Stars for the USMNT play in Europe's biggest leagues and receive the best training practices from some of the game's best coaches - a contrast to the insular position of the top stars for the USWNT. The women's team continues to produce world-class talent despite calls for players to move to the biggest clubs in Europe to get the national team back on track.

It can be difficult to pinpoint exactly why the US has struggled to produce a male player among the best in the world, often leading to lazy takes, such as the oft-repeated but still incorrect view that America beware the world stage will be able to compete if the best athletes play football and not other sports such as basketball and football. If physicality were the deciding factor, Adama Traoré would have more Ballon d'Ors than Messi.

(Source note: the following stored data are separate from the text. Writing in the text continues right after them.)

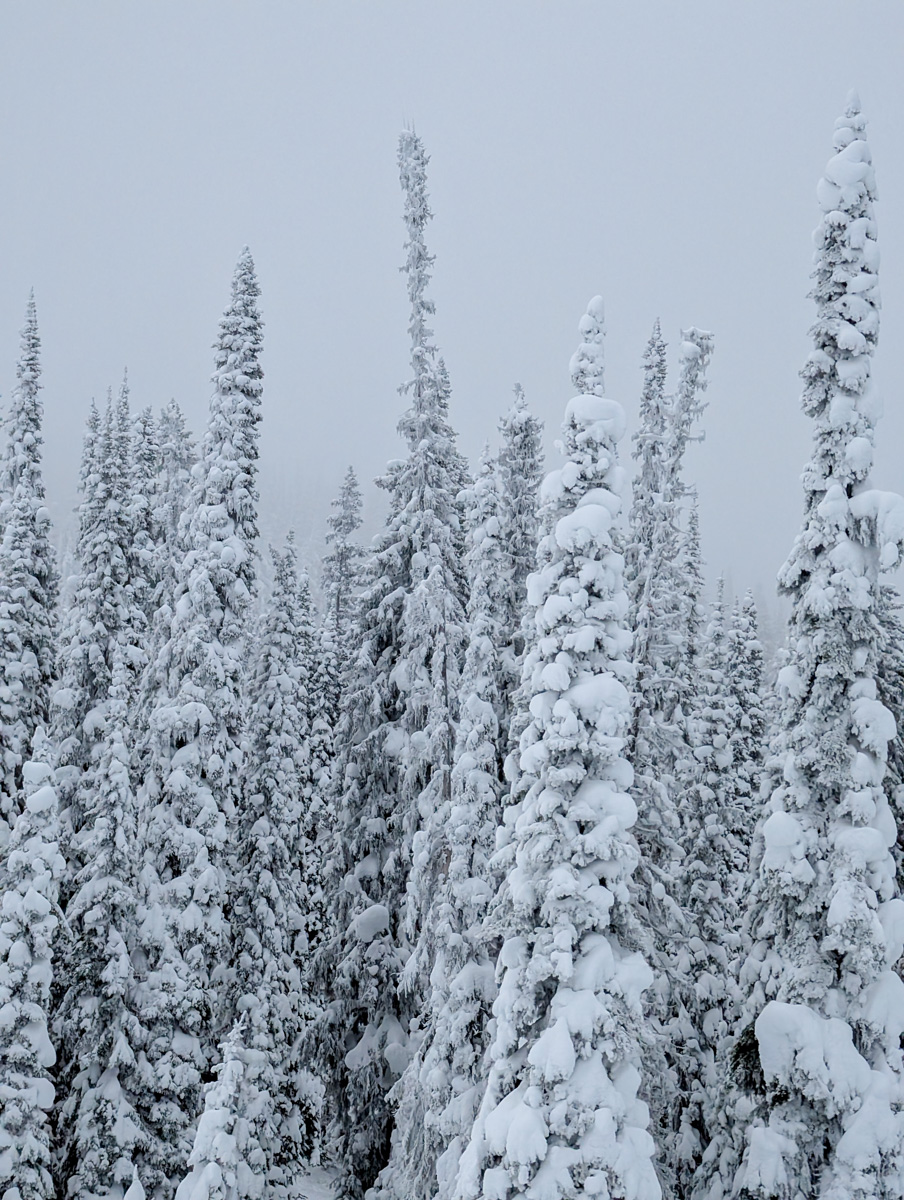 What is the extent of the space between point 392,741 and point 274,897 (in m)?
6.15

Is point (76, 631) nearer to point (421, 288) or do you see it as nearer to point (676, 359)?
point (421, 288)

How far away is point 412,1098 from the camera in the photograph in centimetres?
1759

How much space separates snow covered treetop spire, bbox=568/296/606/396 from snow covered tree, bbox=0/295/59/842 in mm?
18399

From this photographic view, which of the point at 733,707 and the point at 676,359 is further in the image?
the point at 733,707

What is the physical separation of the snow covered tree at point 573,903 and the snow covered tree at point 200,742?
10472mm

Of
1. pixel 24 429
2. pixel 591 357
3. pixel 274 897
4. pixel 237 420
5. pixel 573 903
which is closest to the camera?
pixel 573 903

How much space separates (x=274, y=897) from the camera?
24984 millimetres

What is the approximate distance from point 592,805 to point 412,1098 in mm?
8500

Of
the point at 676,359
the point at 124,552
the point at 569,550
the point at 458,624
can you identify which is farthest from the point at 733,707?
the point at 569,550

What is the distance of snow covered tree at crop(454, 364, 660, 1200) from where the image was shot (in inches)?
447

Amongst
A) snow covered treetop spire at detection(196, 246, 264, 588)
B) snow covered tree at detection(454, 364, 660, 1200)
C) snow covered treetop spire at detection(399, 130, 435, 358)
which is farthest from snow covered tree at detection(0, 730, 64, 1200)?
snow covered treetop spire at detection(399, 130, 435, 358)

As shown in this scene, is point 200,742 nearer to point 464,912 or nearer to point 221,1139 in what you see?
point 464,912

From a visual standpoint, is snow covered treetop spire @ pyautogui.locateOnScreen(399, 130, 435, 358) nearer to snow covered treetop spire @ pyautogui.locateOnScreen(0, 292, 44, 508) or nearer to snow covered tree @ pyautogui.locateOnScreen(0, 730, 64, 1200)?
snow covered tree @ pyautogui.locateOnScreen(0, 730, 64, 1200)

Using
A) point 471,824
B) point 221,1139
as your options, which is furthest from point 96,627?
point 221,1139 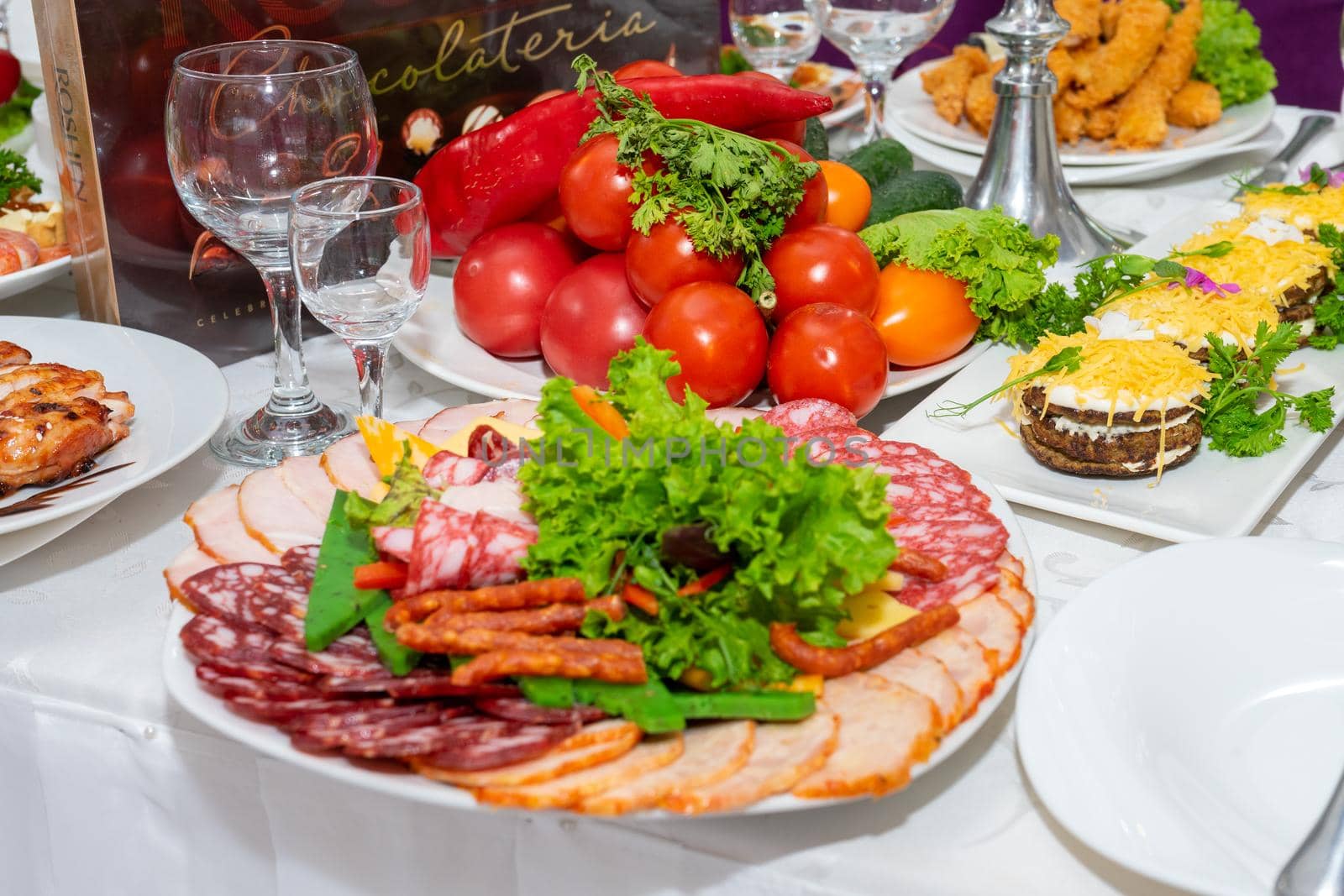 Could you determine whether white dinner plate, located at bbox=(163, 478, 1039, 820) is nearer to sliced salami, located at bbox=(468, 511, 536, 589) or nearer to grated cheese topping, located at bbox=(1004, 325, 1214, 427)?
sliced salami, located at bbox=(468, 511, 536, 589)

The next few years will be a crucial period for football in America, with Messi now leading the domestic league and the 2026 World Cup approaching. The US will also host the Copa América this summer, the expanded 2025 Club World Cup and the 2028 Summer Olympics. If the US wants to one day become a true superpower in sports, now is the time to do it. However, it will take a generation or two for a lasting legacy to emerge, especially in the area of ​​talent production.

Perhaps the lack of a Top 100 player in the US is simply due to bad luck and unfortunate timing. Would Pulisic participate if he had chosen Liverpool over Chelsea and remained injury-free? Probably. Is there a chance that Folarin Balogun will continue on his current trajectory in the coming years? Possibly. But ultimately, America may have to wait a while for Messi or Erling Haaland to call his own.